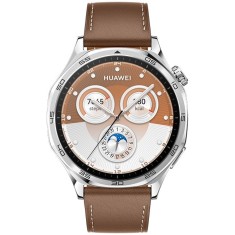 Smartwatch Huawei Watch GT 5 Pro Vili-B19L, corp din inox și curea maro din piele compzită, Blister 55020DKJ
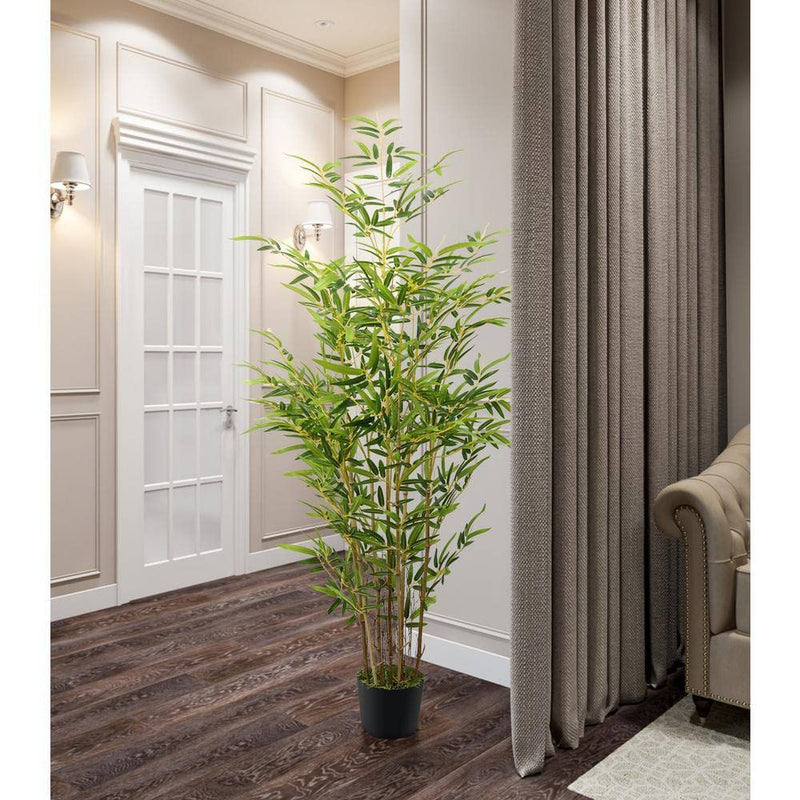 ARICKDECOR Artificial Bamboo Tree Tall(,150,CM,Green) Faux Potted Indoor Floor Plant-Large and Lifelike (Natural Trunk)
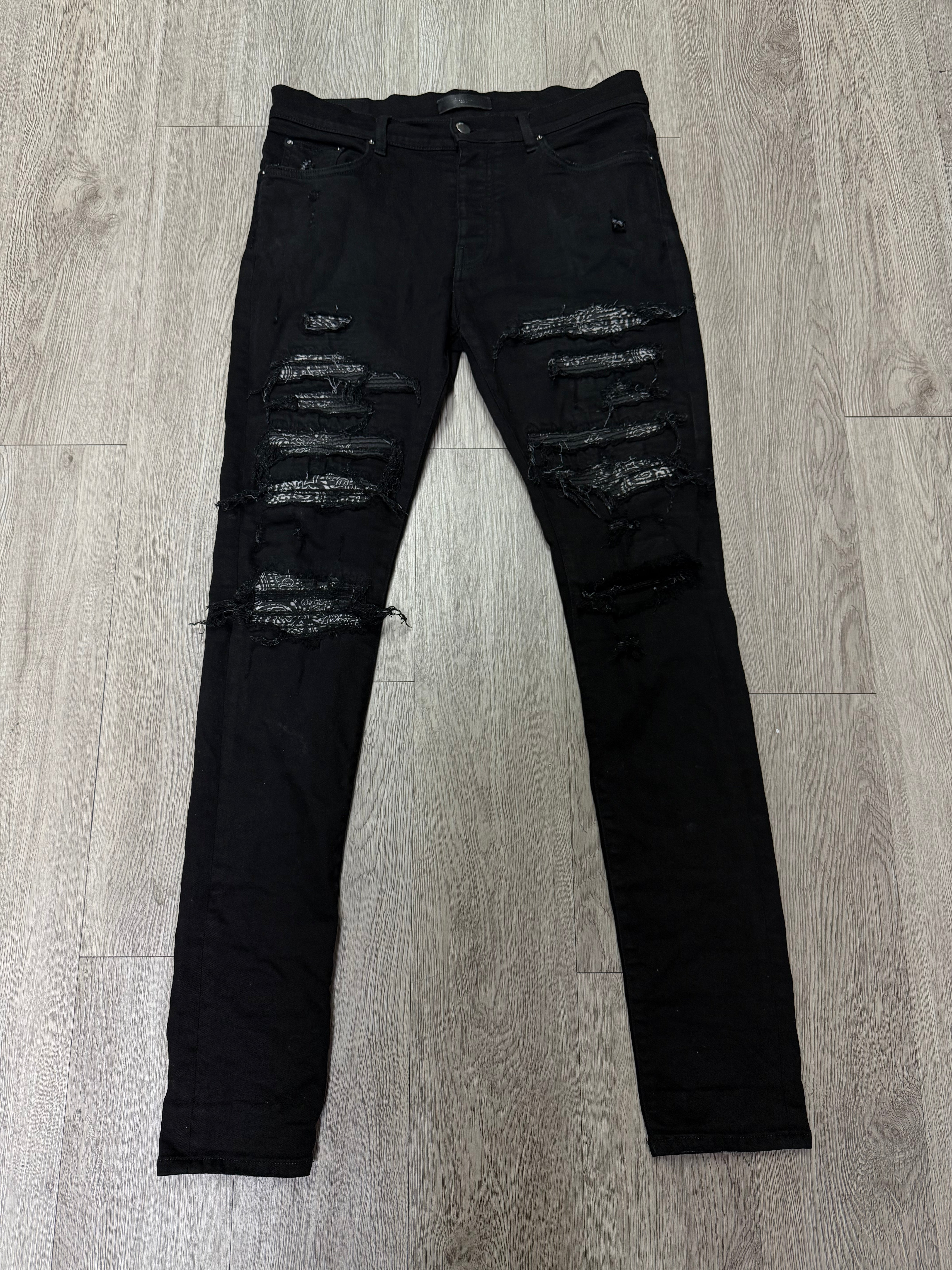 Amiri Black Paisley Thrasher Patch Jeans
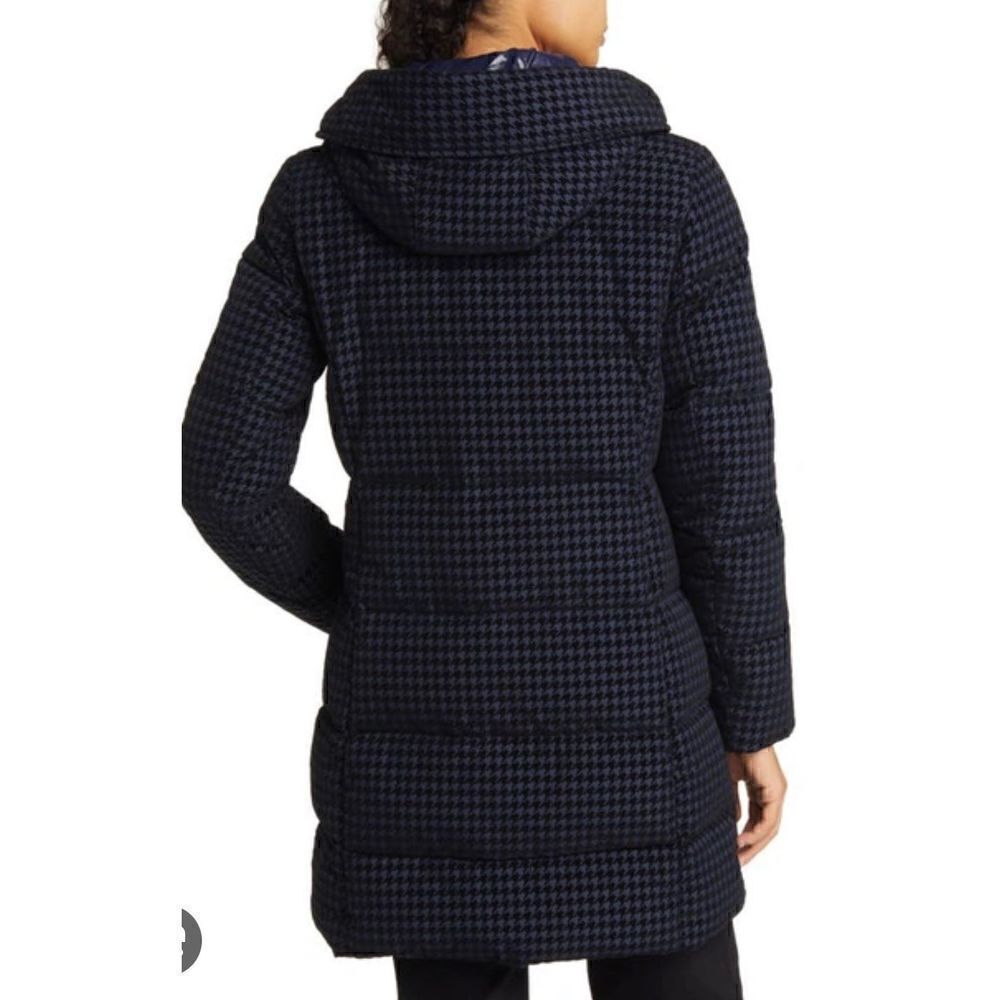 Via Spiga Water Repellent Houndstooth Flocked Puffer Coat NWT Size XLarge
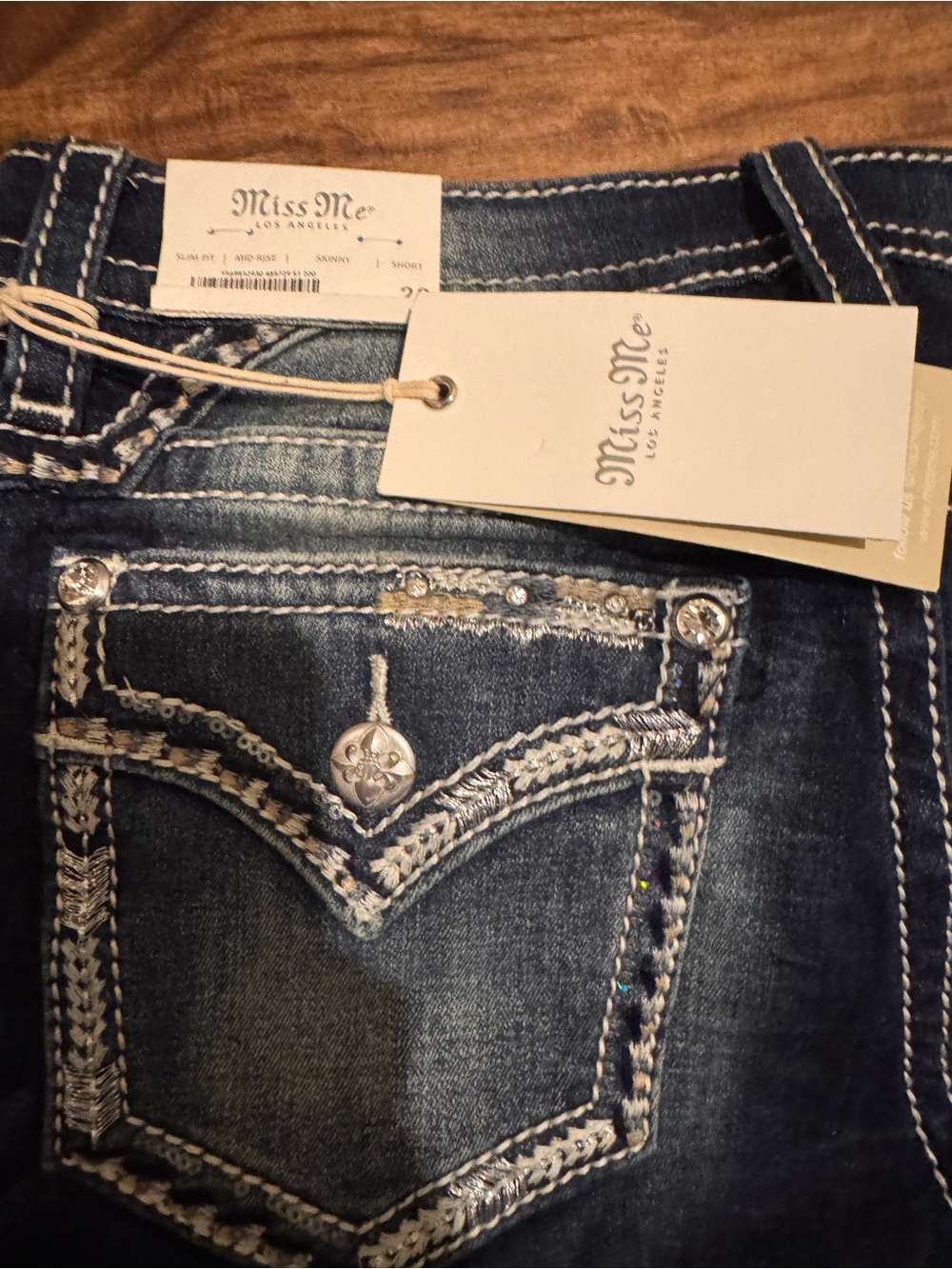 Miss Me Dark Blue Boot Cut Jeans with Embroidered Pockets - Picture 4 of 7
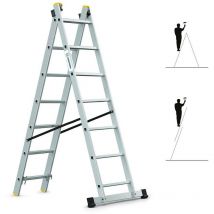 Scala a sfilo a 2 rampe StablePro, gradini 2x7 in alluminio, allungabile, 3 posizioni, altezza massima di lavoro 4,25 m, 5 anni di garanzia, Hostrom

- **Exercise objective**: Your copy should hold exactly the lines from the line containing "Amiri Black Paisley Thrasher Patch Jeans" through the last line of the listing above, both included, and no pictures.

- **Your response**:
 Amiri Black Paisley Thrasher Patch Jeans
 Via Spiga Water Repellent Houndstooth Flocked Puffer Coat NWT Size XLarge
 Miss Me Dark Blue Boot Cut Jeans with Embroidered Pockets - Picture 4 of 7
 Scala a sfilo a 2 rampe StablePro, gradini 2x7 in alluminio, allungabile, 3 posizioni, altezza massima di lavoro 4,25 m, 5 anni di garanzia, Hostrom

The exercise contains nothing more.